## PROVIDED MATERIAL

★ ★ ★

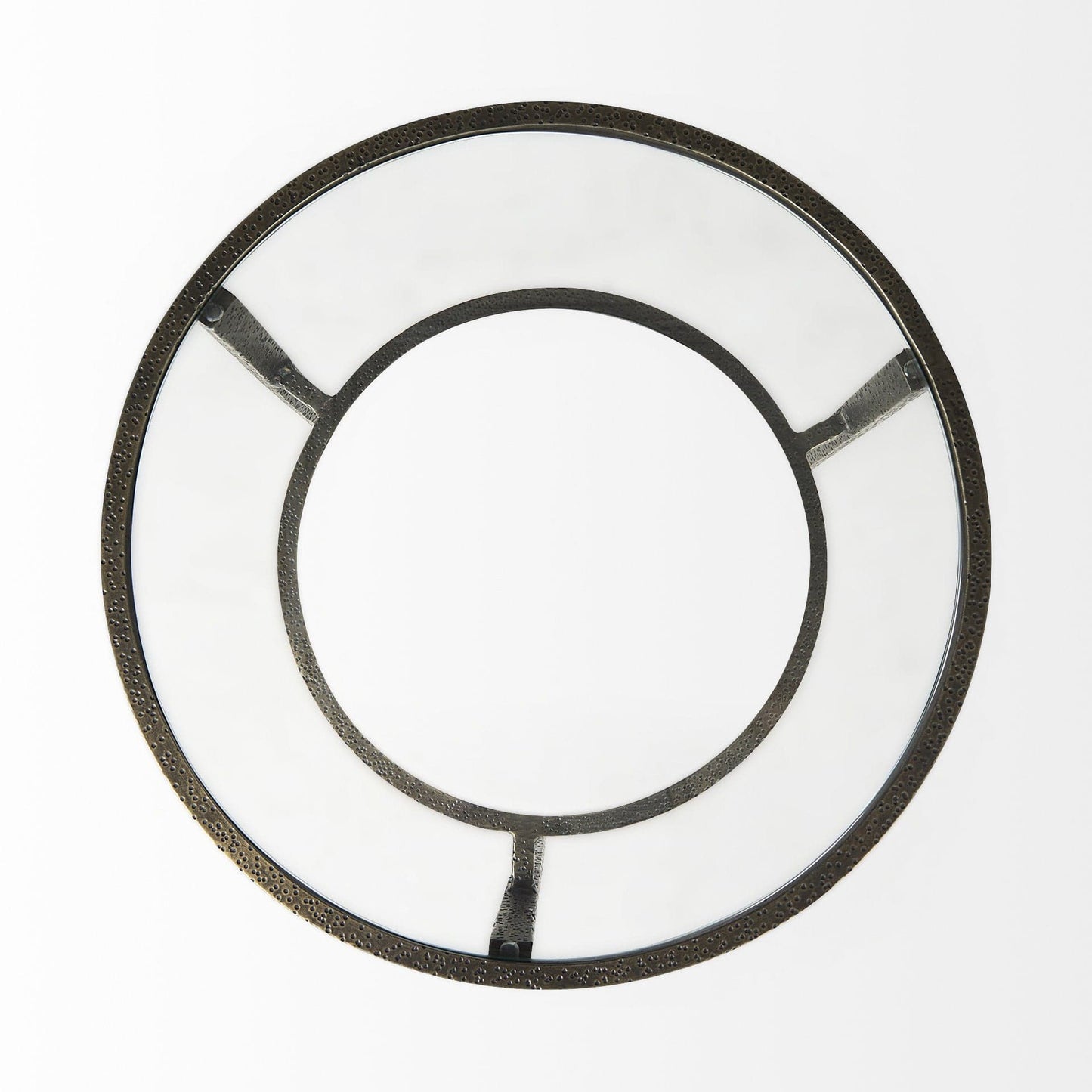 23" Bronze And Clear Glass And Metal Round End Table With Shelf - Homeroots - Flyclothing LLC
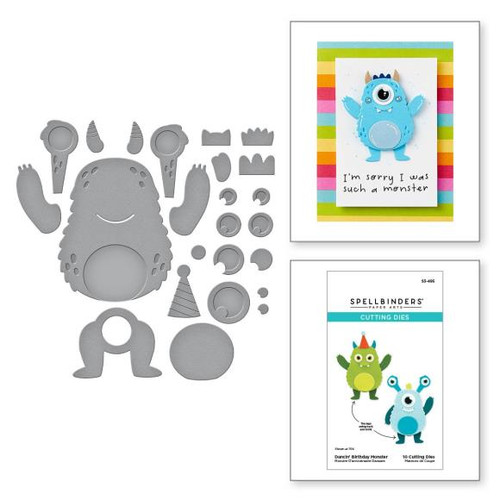 Spellbinders Etched Dies From The Monster  Birthday Collection Dancin' Birthday Monster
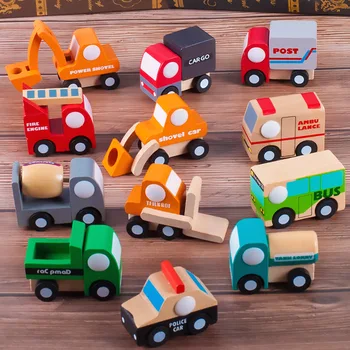 wooden town vehicles set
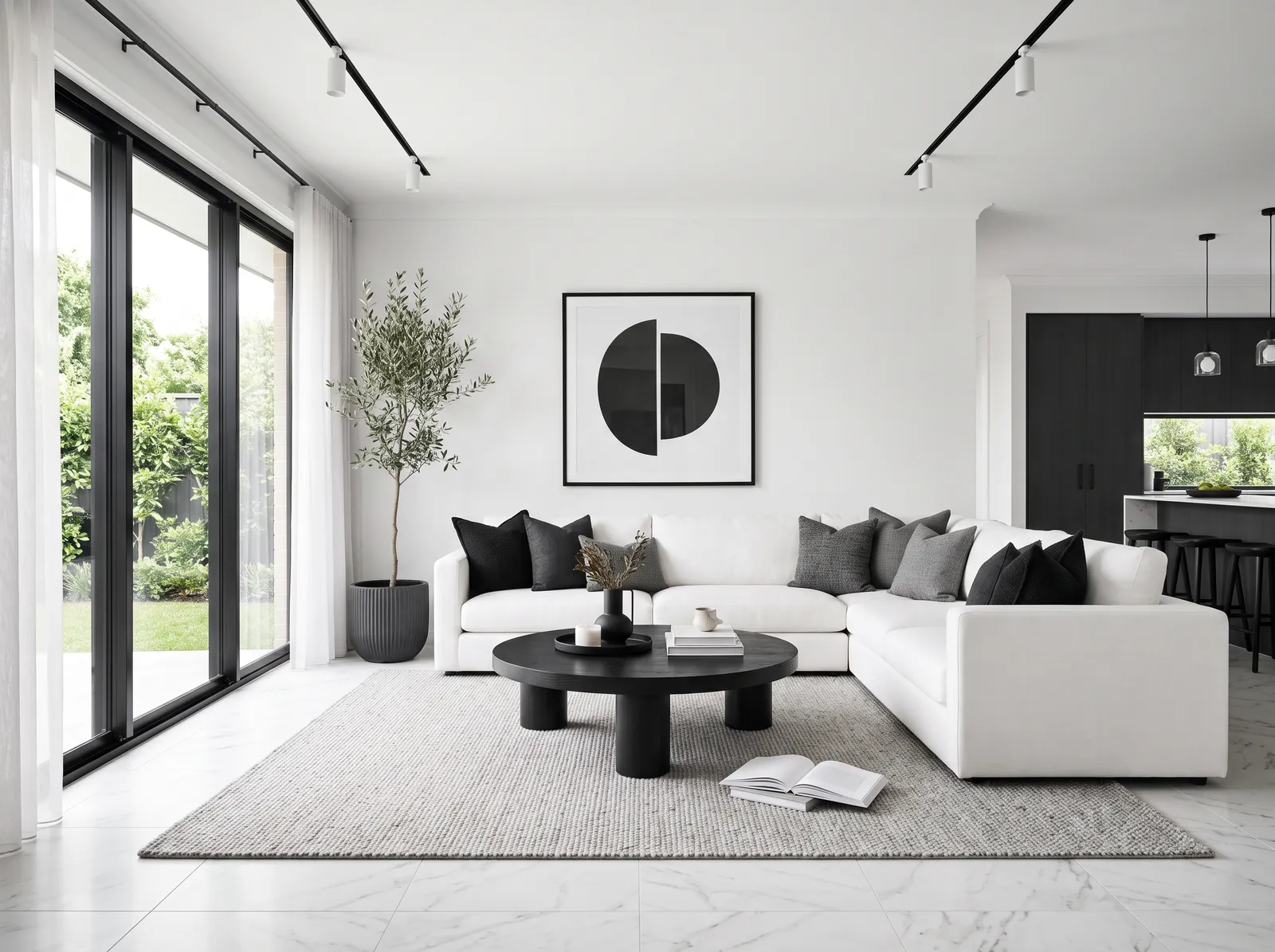 White room styled with soft black and charcoal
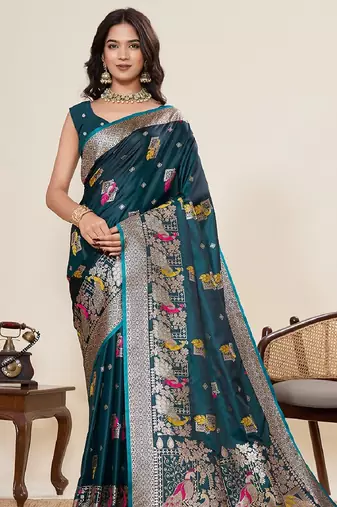 teal blue color embroidery with zari work satin saree with blouse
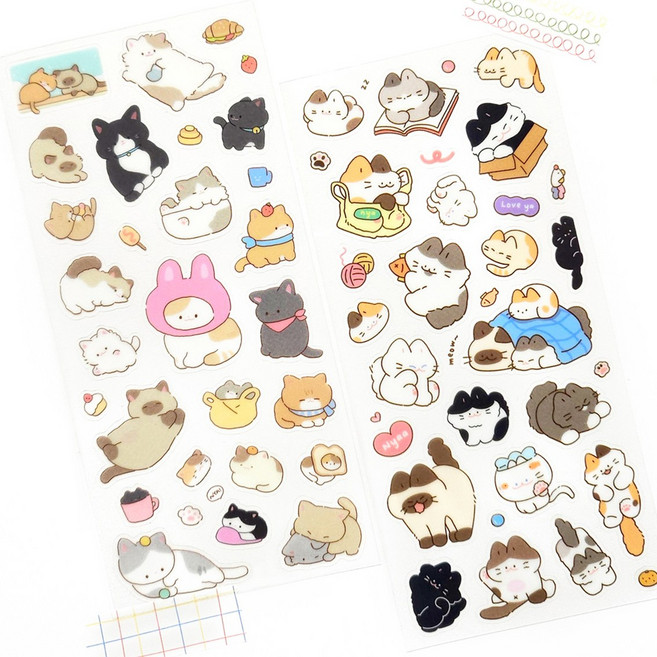 냥냥 투명 스티커 2종 1세트, 1개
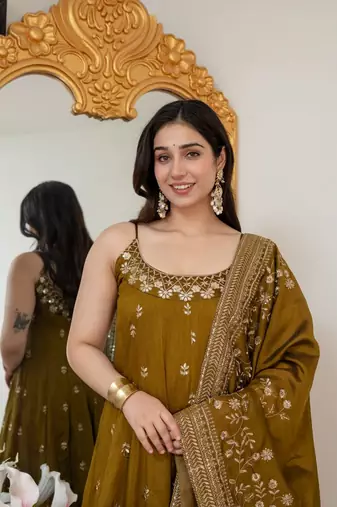 Mehandi Green Anarkali Kurta Set with Designer Embroidery & Dupatta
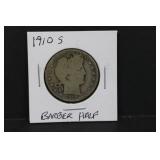 1910S Silver Barber Half Dollar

★ ★ ★

## EXERCISE AIM
Take the lines from the start of the material to the line with "teal blue color", both included, and transcribe them exactly without the pictures.

## TASK OUTPUT
 23" Bronze And Clear Glass And Metal Round End Table With Shelf - Homeroots - Flyclothing LLC
 Spellbinders Etched Dies From The Monster  Birthday Collection Dancin' Birthday Monster
 wooden town vehicles set
 White room styled with soft black and charcoal
 teal blue color embroidery with zari work satin saree with blouse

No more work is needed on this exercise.